6. Stanza x., line 6.

Yet deem not thence his breast a breast of steel:

["Yet deem him not from this with breast of steel."-MS.]

7.-Stanza xi., line 2.

The laughing dames in whom he did delight,

["His house, his home, his vassals, and his lands,

The Dalilahs," &c.-MS.

The last line of the stanza is an allusion to Lord Byron's original intention to extend his travels to India.]

8.-Page 8, line 9.

"Come hither, hither, my little page!

[This "little page' was Robert Rushton, the son of one of Lord Byron's tenants. "Robert I take with me," says the poct, in a letter to his mother; "I like him, because, like myself, he seems a friendless animal." The boy being sickly, Lord Byron, on reaching Gibraltar, sent him back to England.]

9.-Page 8, line 16.

More merrily along."

["Our best goss-hawk can hardly fly
So merrily along."-MS.]

10.-Page 8, line 18.

I fear not wave nor wind:

["Oh, master dear! I do not cry
From fear of wave or wind."-MS.]

11.-Page 9, line 8.

Mine own would not be dry.

[Here follows in the original MS.:

"My Mother is a high-born dame,
And much misliketh me;

She saith my riot bringeth shame
On all my ancestry:

I had a sister once I ween,

Whose tears perhaps will flow;
But her fair face I have not seen
For three long years and moe.'"]

12.-Page 9, line 9.

"Come hither, hither, my staunch yeoman,

[William Fletcher, his faithful valet.

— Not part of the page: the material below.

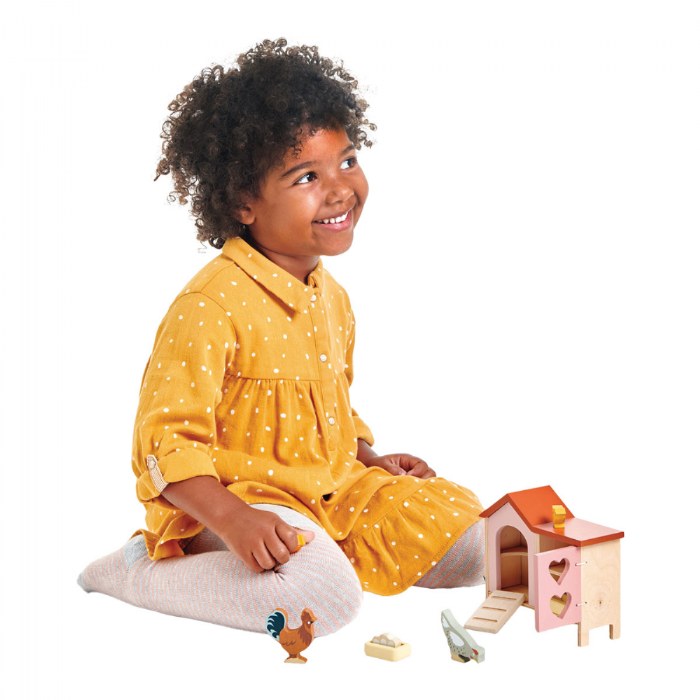 Alternate Image #1 of Wooden Farmyard - Chicken Coop & Stacking Farm Animals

Notwithstanding that he is made in this stanza to disclaim being timid, Lord Byron says in his letters that he was the reverse of valiant, and that he sighed for home comforts, beef, beer, and tea, as well as for his wife.]

13.-Page 9, line 24.

Will laugh to flee away."

["Enough, enough, my yeoman good,
All this is well to say;
But if I in thy sandals stood,
I'd laugh to get away."-MS.]

14.-Page 10, line 4.

We late saw streaming o'er.

["For who would trust a paramour,

Or e'en a wedded freere,

Though her blue eyes were streaming o'er,
And torn her yellow hair?"-MS.]

15.-Page 10, line 8.

No thing that claims a tear.

["I leave England without regret-I shall return to it without pleasure. I am like Adam, the first convict sentenced to transportation; but I have no Eve, and have eaten no apple but what was sour as a crab."--Lord Byron to Mr. Hodgson.]

16.-Page 10, line 13.

Perchance my dog will whine in vain,

["I do not mean," Lord Byron wrote to Mr. Dallas, "to exchange the ninth verse of the 'Good Night.' I have no reason to suppose my dog better than his brother brutes, mankind; and Argus we know to be a fable." In Don Juan, also, one of the felicities that are said to await "an honest gentleman" on his return, after a lengthened absence,

"Is that his Argus bites him by-the breeches."